Examples of the polymerization terminator include osmium, osmium sulfate, diethylamidine, bis (hydroxylamine) sulfonate and alkali metal salts thereof, sodium dimethyldithioamine formate, and hydroquinone. Although the amount of the polymerization terminator used is not particularly limited, it is preferably 0.1 to 2 parts by weight based on 100 parts by weight of the monomer used for polymerization.

The amount of water used is preferably 80 to 500 parts by weight, and more preferably 100 to 300 parts by weight, with respect to 100 parts by weight of the monomer used for polymerization.

When carrying out the emulsion polymerization, a polymerization aid such as a molecular weight adjuster, a particle size adjuster, a chelating agent, and an oxygen trapping agent can be used as required.

Although the emulsion polymerization can be carried out by any method of batch type, semi-batch type, and continuous type, the semi-batch type is preferred. Specifically, the method is as follows: within the time range from the start of the polymerization reaction to an arbitrary time, the monomers used in the polymerization are continuously dropped into the reaction system and the emulsion polymerization reaction is simultaneously performed, etc., the reaction system is Contains a polymerization initiator and a reducing agent.
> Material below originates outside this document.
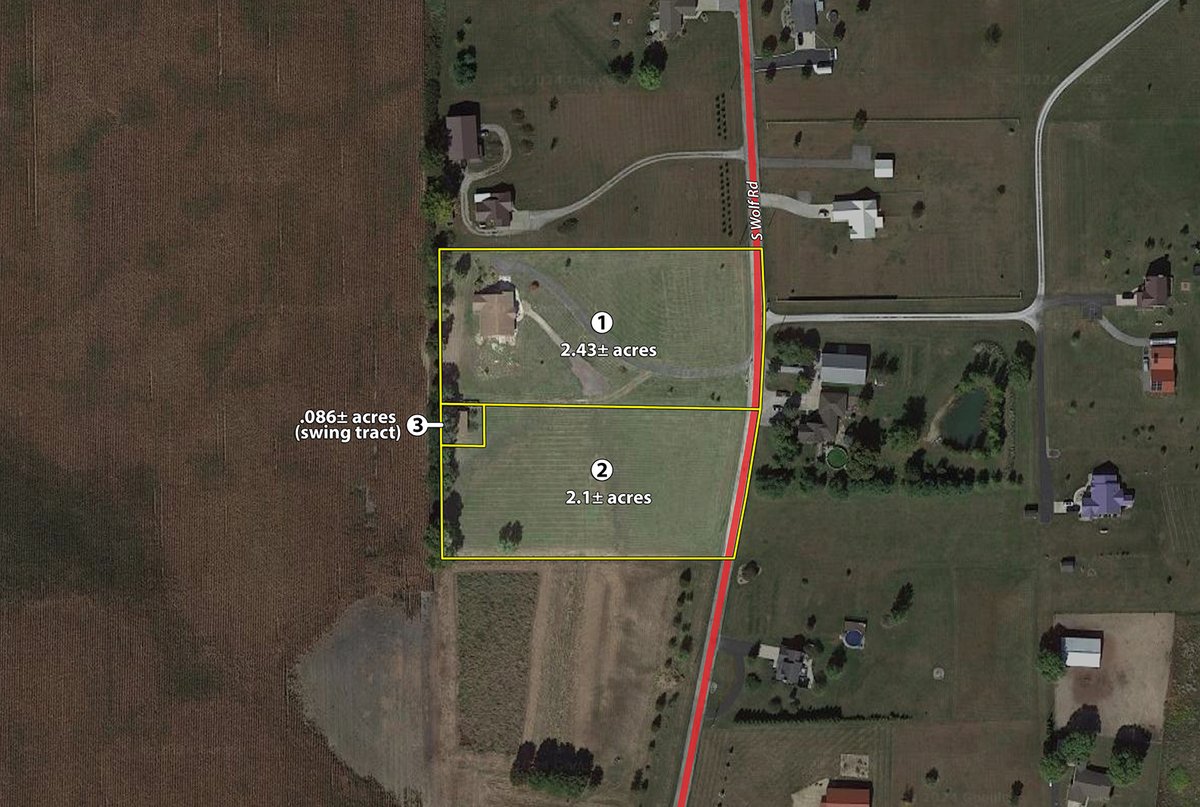 Tract map - REAL ESTATE AUCTION - 4.73+/- ACRES OFFERED IN 3 TRACTS IN WHITLEY COUNTY, INDIANA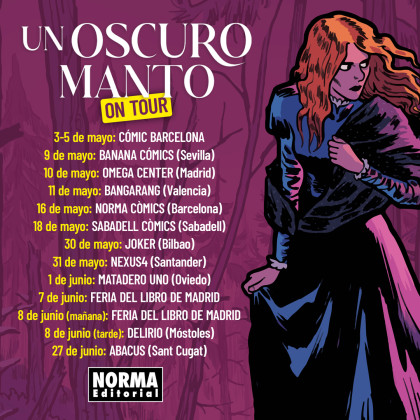 Ruta de presentaciones de 'Un oscuro manto' por España con Jaime Martín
Among them, at least one of a monomer, a polymerization initiator, and a reducing agent used for polymerization is continuously dropped into the polymerization reaction system and the polymerization reaction is simultaneously performed within a time range from the start of the polymerization reaction to an arbitrary time. It is preferable that all the monomers, polymerization initiator, and reducing agent used for polymerization are continuously dropped into the polymerization reaction system and the polymerization reaction is performed simultaneously within the time range from the start of the polymerization reaction to an arbitrary time. The continuous dropwise addition and simultaneous polymerization reaction can stably perform emulsion polymerization, thereby increasing the polymerization reaction rate. In addition, the polymerization is usually performed at a temperature range of 0 to 70 ° C, and preferably at a temperature range of 5 to 50 ° C.
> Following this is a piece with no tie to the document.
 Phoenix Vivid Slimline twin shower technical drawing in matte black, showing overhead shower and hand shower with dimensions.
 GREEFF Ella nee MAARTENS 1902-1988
In addition, in the case where a monomer used for polymerization is continuously dropped and a polymerization reaction is performed simultaneously, a monomer is emulsified by mixing a monomer used for polymerization with an emulsifier containing an anionic emulsifier and water to form a monomer. It is preferable that the liquid is continuously dropped in the state of the monomer emulsion. The method for preparing the monomer emulsion is not particularly limited, and examples thereof include the total amount of monomers used for polymerization using a homomixer, a disc turbine, or the like, the total amount of an emulsifier including an anionic emulsifier, And how to stir water. With respect to 100 parts by weight of the monomer used for polymerization, the amount of water used in the monomer emulsion is preferably 10 to 70 parts by weight, and more preferably 20 to 50 parts by weight.
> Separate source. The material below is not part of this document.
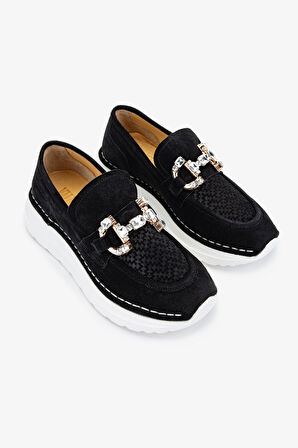 Valmenti Misty Kadın Siyah Süet Hakiki Deri Casual Ayakkabı 775 26519 BN AYK Y24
In addition, when all the monomers, polymerization initiators, and reducing agents used in the polymerization are continuously dropped into the polymerization reaction system and the polymerization reaction is performed within a time range from the start of the polymerization reaction to an arbitrary time, it can be used An individual dropping device drops these into the polymerization system, or at least a polymerization initiator and a reducing agent can be mixed in advance, and the state of an aqueous solution can be prepared as required, and the same drops can be obtained from the state of the aqueous solution. The drip device is dropped into the polymerization system. It is also possible to continue the reaction for an arbitrary time after the completion of the dropping to further increase the polymerization reaction rate.

＜ Coagulation step ＞

In the above-mentioned manufacturing method, the aggregation step is a step of adding a coagulant to the obtained emulsion polymerization solution after performing the above-mentioned emulsion polymerization step, thereby obtaining water-containing pellets.

The coagulant is not particularly limited, and examples thereof include metal salts having 1 to 3 valences. The metal salts of 1 to 3 valence include metal salts that become metal ions of 1 to 3 valence when dissolved in water, and are not particularly limited. Examples thereof include inorganic acids such as hydrochloric acid, nitric acid, and sulfuric acid, and acetic acid. Salts formed from organic acids and metals selected from sodium, potassium, lithium, magnesium, calcium, zinc, titanium, manganese, iron, cobalt, nickel, aluminum, and tin. In addition, hydroxides of these metals can also be used.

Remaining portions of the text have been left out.